Islamabad (Web Desk): Talks between Pakistan and International Monetary Fund (IMF) on Tuesday started in Islamabad to strike a staff-level agreement on the ninth review under the $7 billion Extended Fund Facility (EFF).
The IMF’s review mission had arrived in Islamabad on Monday and both sides are holding the toughest ever parleys for making renewed efforts to accomplish the pending ninth review under the $7 billion EFF.
Pakistan and the IMF will hold technical-level talks from Tuesday to Friday and then the policy-level talks will commence finalising the Memorandum of Financial and Economic Policies (MEFP) document.

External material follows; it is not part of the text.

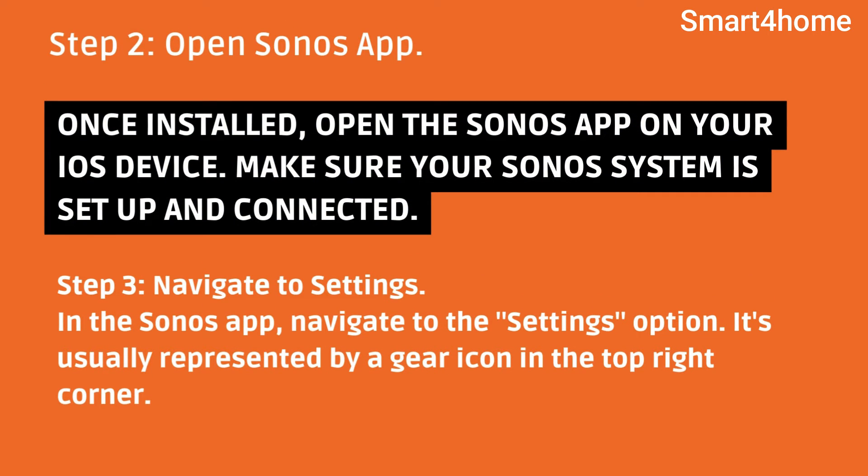Step 2: Open Sonos app. Once installed, open the Sonos app on your iOS device. Make sure your Sonos system is set up and connected.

Finance Minister Ishaq Dar received the IMF mission Chief Nathen Porter upon his arrived at the Finance Ministry.
The discussion will revolve around Pakistan’s plan for taking additional taxation measures to fetch over Rs200 billion through a presidential ordinance, rationalising expenditure, and hiking both electricity and gas tariffs for erasing the monster of the circular debt.
The Washington-based lender is suggesting the toughest prescriptions on all fronts of the economy at a time when the foreign exchange reserves are persistently on the decline and touched the lowest ebb of $3.6 billion.
The IMF is asking the government to fill the yawning gap of Rs600 billion on the fiscal front through additional taxation measures or cutting down on expenditures in order to restrict the budget deficit and primary deficit within the desired limits.
The IMF further demanded an increase in electricity tariff within the range of Rs12.50/unit as Islamabad seemed to agree to hike the electricity tariff of Rs7.50/unit in a staggered manner.